Your answer must be the lines from the first one in the material through the line with "Pink Floral Long", retyped exactly and with no pictures.
• • • • • • •
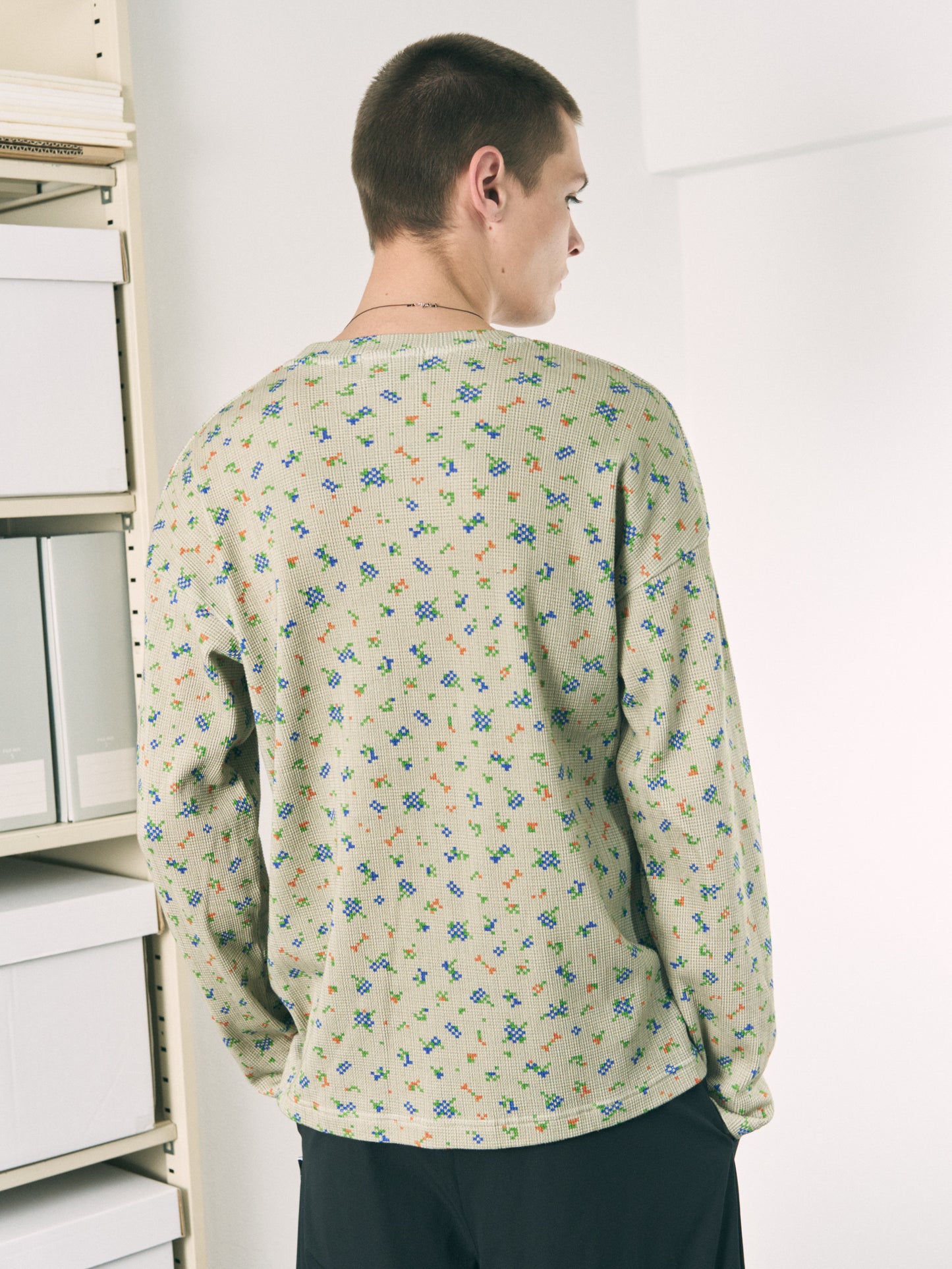 FLOWER L/S WAFFLE THERMAL BEIGE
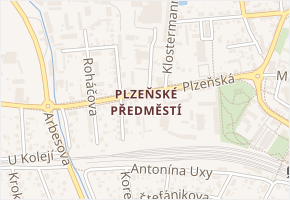 Plzeňské Předměstí v obci Rokycany - mapa části obce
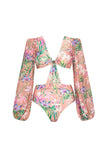 Pink Floral Long Sleeve 2 Piece Swimsuit with Beach Skirt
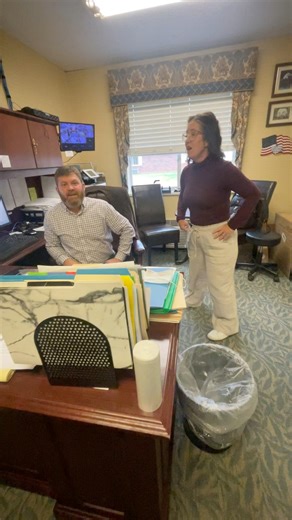 The Activity Director trying to explain the Administrator of her latest party extravaganza idea 🫣🤷🏻‍♀️🤣 #activitydirector #partyplanning #administratorlife #workhumor #seniorliving #eventideas #makingmemories #caregiverlife #funnyreactions #celebrationtime #video | Laurel Creek Health & Rehabilitation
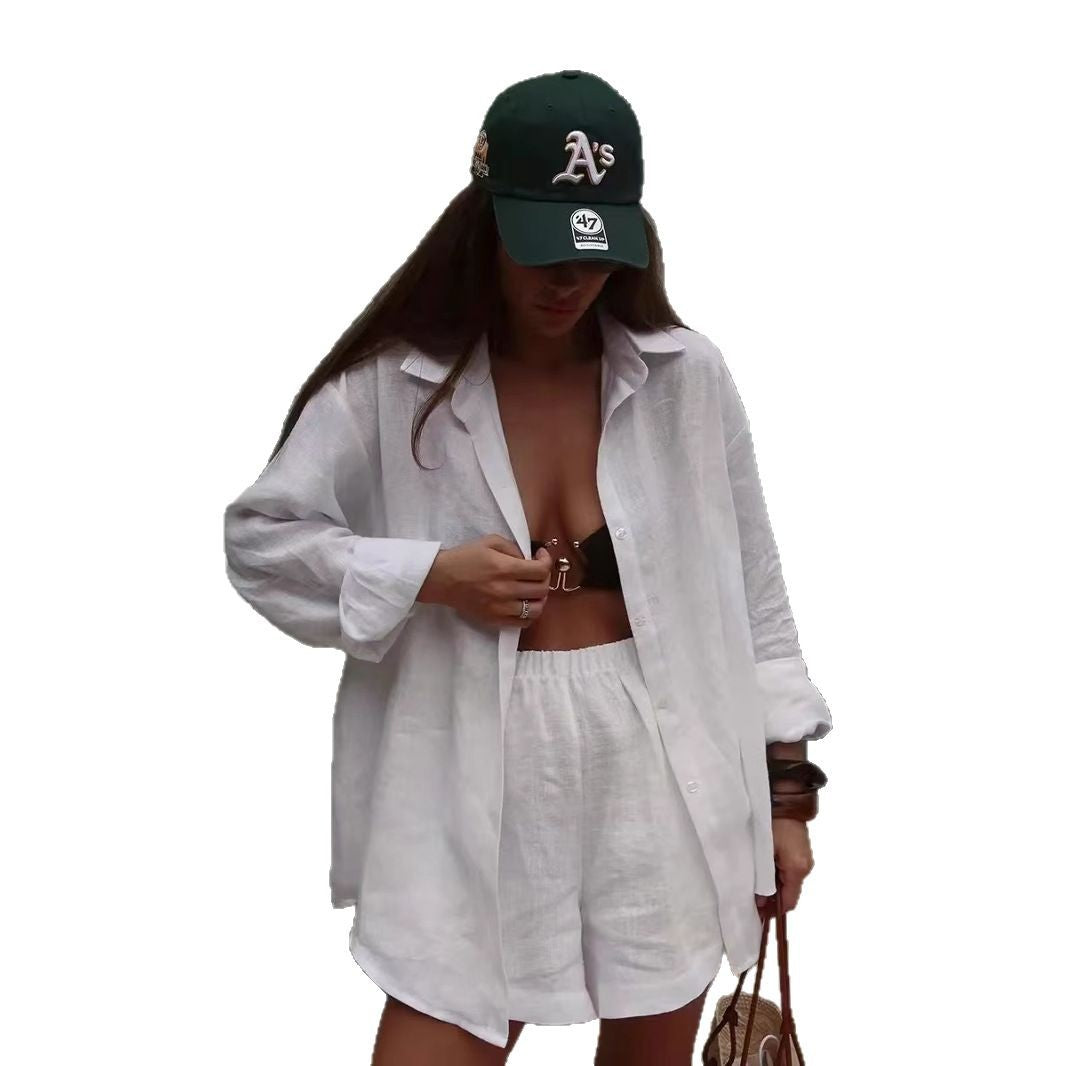 Women's Cotton Long Sleeve Outer Wear Simple Solid Color Suits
• • • • • • •
__ANSWER TO THE EXERCISE__:
 FLOWER L/S WAFFLE THERMAL BEIGE
 Plzeňské Předměstí v obci Rokycany - mapa části obce
 Pink Floral Long Sleeve 2 Piece Swimsuit with Beach Skirt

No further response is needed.